Class 14A - 525 - Station Shunt *
Class 14A - 517 - Off Shed *

Took a few shots in and around the shed of locos being prepared and leaving. The crew of 525 gave me a ride up to the turntable, and we got the loco turned just for variety! We then walked down to the station area. This was quite busy, with the Chiredzi mixed pulling in, two 14's working the station shunt, the Harare passenger train arriving (DE10 1059), followed by the Rovos Rail train. Quite a mixture of steam, diesel, old and new liveries. There were a couple of DE9A's (1963 & 1915) at the shed as well, these had been refurbished recently with caterpillar engines. There were a few DE6's (1602, 1607) moving about the place too. I was told that 6 DE10's, along with 18 passenger coaches and some goods wagons have been sent to the Congo as part of Mr. Mugabe's efforts up there. This seems to have caused a bit of trouble in Zimbabwe, as reliable DE10's are in short supply. Some trains have apparently had to be cancelled due to lack of motive power, and DE9's have been put back onto the main line in some cases. Perhaps this is the reason for more Garratts being in steam, as some of the DE9 shunts have to be done with steam again.

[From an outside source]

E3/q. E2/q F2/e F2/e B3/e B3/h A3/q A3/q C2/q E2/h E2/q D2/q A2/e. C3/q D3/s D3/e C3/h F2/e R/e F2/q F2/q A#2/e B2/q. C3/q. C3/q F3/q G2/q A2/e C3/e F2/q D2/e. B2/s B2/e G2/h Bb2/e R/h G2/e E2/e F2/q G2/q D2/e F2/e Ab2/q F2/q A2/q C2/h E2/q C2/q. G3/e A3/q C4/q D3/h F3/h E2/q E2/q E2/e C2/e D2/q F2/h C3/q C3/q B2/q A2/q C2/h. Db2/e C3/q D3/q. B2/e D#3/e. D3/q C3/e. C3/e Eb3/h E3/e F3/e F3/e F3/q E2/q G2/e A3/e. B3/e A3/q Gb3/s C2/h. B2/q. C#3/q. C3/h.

The Cement shuttle was diesel hauled, so we decided to make an early start for South Africa. A quick stroll through the P15 shed revealed:
14A 515 (being re-tubed)
9 115 (Mashonaland Railway plates, Museum Loco - attention to motion)
15A 386 (Valves and cylinders being attended to)

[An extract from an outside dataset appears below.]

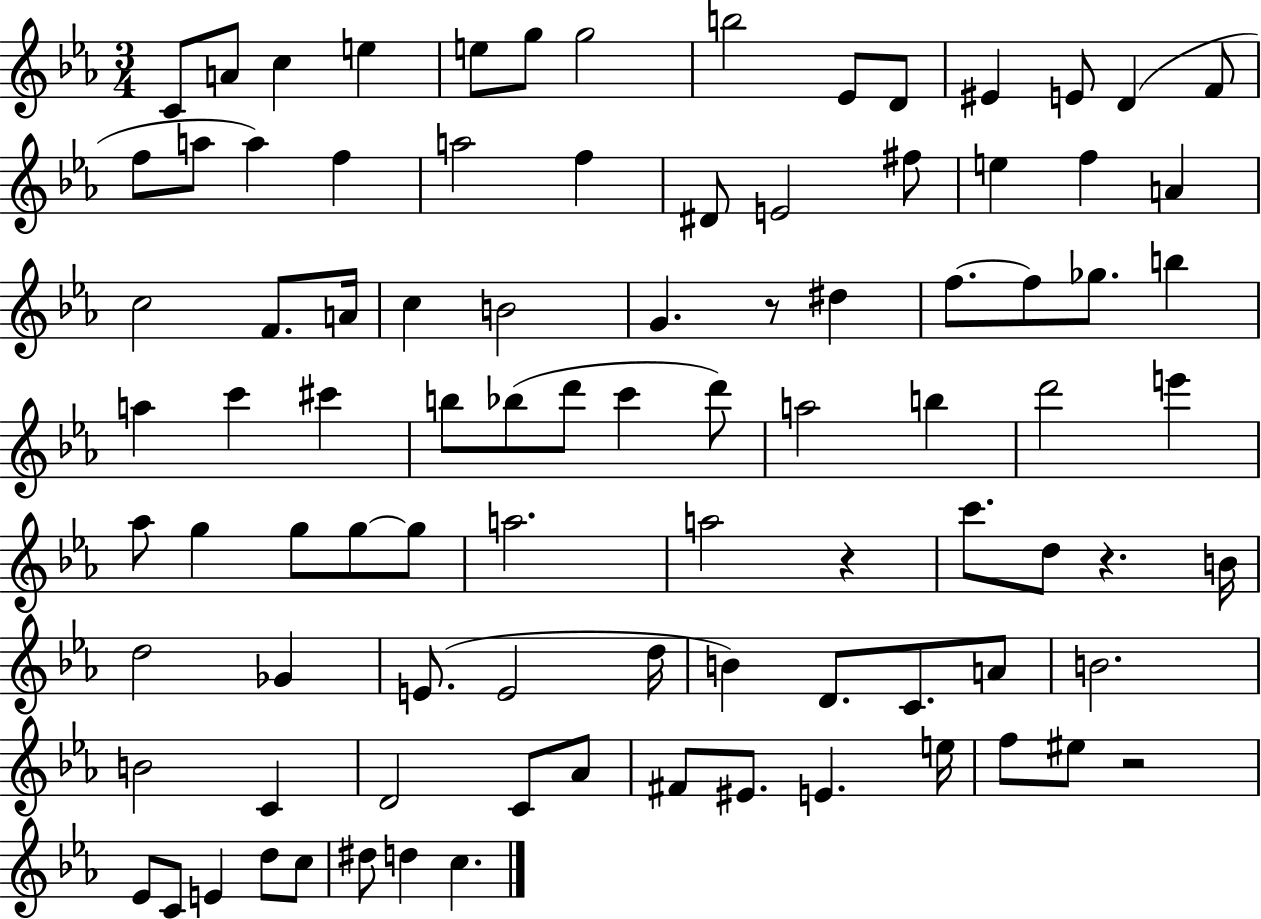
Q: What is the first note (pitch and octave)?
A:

15A 422 (Awaiting washout)
15A #12 (Wankie Colliery Garratt - heavy overhaul being done)
19 336 (Loco has been moved, still has pieces missing. Museum loco)
15A 394 (Heavy overhaul. Driving wheels have been re-profiled and are awaiting placement under the frames again)
15A 381 (Washout)

There was a lot of action in the P15 shed, with people working on all the locos. It's good to see that heavy overhauls and maintenance work is continuing, even big jobs like re-profiling driving wheels, re-tubes, etc. so steam may survive a little longer there yet...

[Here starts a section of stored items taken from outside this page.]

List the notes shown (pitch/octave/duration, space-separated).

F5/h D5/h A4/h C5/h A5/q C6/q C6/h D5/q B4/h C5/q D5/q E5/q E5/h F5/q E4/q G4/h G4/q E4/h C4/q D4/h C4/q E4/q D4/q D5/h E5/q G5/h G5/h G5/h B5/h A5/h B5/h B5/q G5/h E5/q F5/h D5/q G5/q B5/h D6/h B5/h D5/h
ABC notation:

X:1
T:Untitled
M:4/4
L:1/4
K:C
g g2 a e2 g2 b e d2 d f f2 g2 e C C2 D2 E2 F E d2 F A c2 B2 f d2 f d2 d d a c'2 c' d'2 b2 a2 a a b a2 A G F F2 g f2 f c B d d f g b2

On the long drive back, we again saw no action on the BBR line, perhaps Sunday is the quiet day? Arrival back in Pretoria at 7:30 pm. Mike even had a drive on the way back, with no police hassles this time, just a massive thunder storm! We had covered 2600km to see 12 locos in steam, that's an average of 1 every 217km, quite a trip but well worth it.